Apesar de provocantes, essas cenas não são entendidas como sinais de derrota pelos palestinos. Os termos do cessar-fogo são vistos como pilares de uma vitória da resistência. O retorno para o norte de Gaza, onde a destruição foi massiva justamente por causa das ambições israelenses de assentamento, significa uma grande conquista dos palestinos.

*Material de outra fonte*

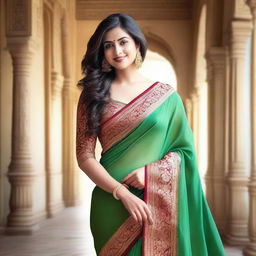 A confident Indian woman with a curvy figure, wearing a traditional saree that is form-fitting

A superioridade das Forças Armadas de Israel não foi suficiente para derrotar as Brigadas de al-Qassam, o braço armado do Hamas. Os guerrilheiros do Hamas mantiveram os confrontos em Beit Hanoun, no extremo noroeste da Faixa, apesar da expulsão de praticamente todos os civis. Isso levou a um grande desgaste nas tropas israelenses e contribuiu para o cessar-fogo ser estabelecido nesses termos.

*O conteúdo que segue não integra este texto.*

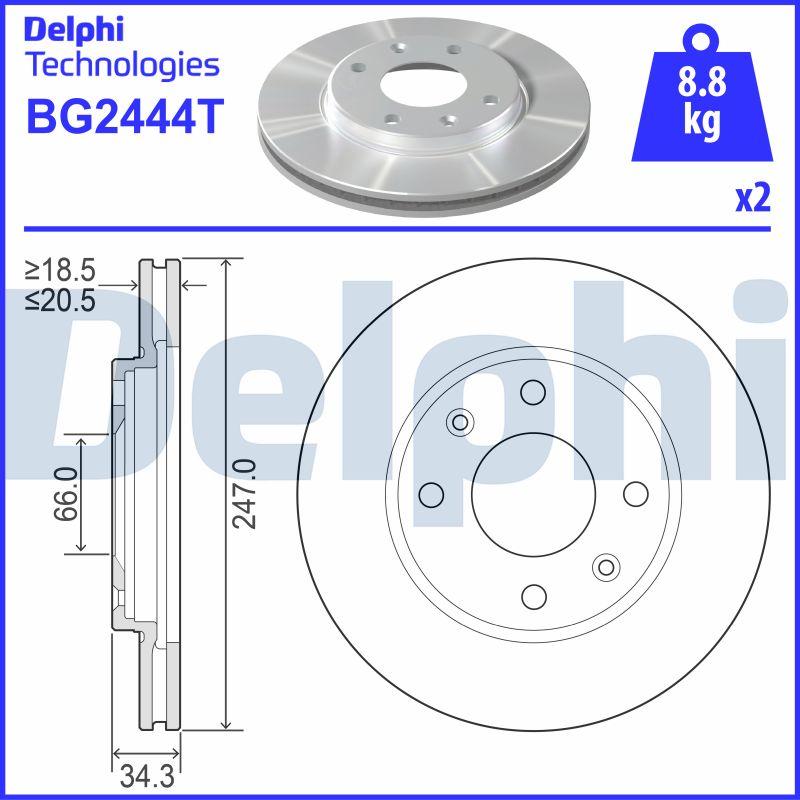 Delphi BG2444T - Bremžu diski autospares.lv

Após o cessar-fogo, o Hamas tem feito da libertação de reféns israelenses, trocados por prisioneiros palestinos, verdadeiros eventos midiáticos para demonstrar a força do grupo. Estima-se que o Hamas esteja conseguindo recrutar novos guerrilheiros rapidamente, enquanto Israel tem tido dificuldade em recrutar novos reservistas. Ao menos 831 soldados israelenses foram mortos nesta que foi a mais longa guerra da história israelense.

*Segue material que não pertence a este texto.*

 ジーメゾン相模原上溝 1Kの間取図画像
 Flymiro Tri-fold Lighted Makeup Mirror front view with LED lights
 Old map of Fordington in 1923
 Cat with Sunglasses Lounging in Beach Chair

O retorno dos civis ao norte de Gaza, a libertação dos prisioneiros palestinos em troca dos reféns israelenses, o fim imediato das hostilidade e a manutenção das armas pelo Hamas eram os mesmos termos do cessar-fogo negociado em fevereiro de 2024 por Yahya Sinwar, o chefe militar do Hamas e mentor do ataque de 07 de outubro de 2023, que foi morto em combate por Israel em 16 de outubro de 2024. Todos os objetivos de Sinwar com a agressão a Israel foram obtidos, exceto o fim do bloqueio israelense a Gaza, que impede a livre circulação de pessoas e mercadorias para dentro e fora do enclave, desde 2006.

Obviamente, essas conquistas estratégicas vieram ao custo da perda de milhares de vidas palestinas e da destruição praticamente completa de uma região ancestral palestina. Isso tem sido utilizado por israelenses para demonizar os palestinos com o objetivo de diminuir a derrota. “Não fique impressionado com a alegria do nosso inimigo. Essa é uma sociedade animalista que santifica a morte. Em breve, nós iremos apagar o seu sorriso novamente e substituir por choros de luto e lamentações daqueles que foram deixados com nada”, afirmou o ministro israelense de extrema-direita Bezalel Smotrich.

A vitória para Israel virá somente com a destruição completa do Hamas e a expulsão de todos os palestinos em Gaza. É isso o elemento central da promessa de Trump, com a vantagem de transformar a limpeza étnica dos palestinos em um esforço humitário. “Ela [Gaza] tem sido símbolo de morte e destruição por décadas, tão ruim para a população que vive ali. Muita falta de sorte naquele lugar. Não deveria ocorrer um processo de reconstrução pelas mesmas pessoas que estão lá. Ao invés disso, deveriam ir para outros países com interesse em questões humanitárias”, declarou Trump.

·        Continuação da Nakba: a normalização da limpeza étnica de Gaza?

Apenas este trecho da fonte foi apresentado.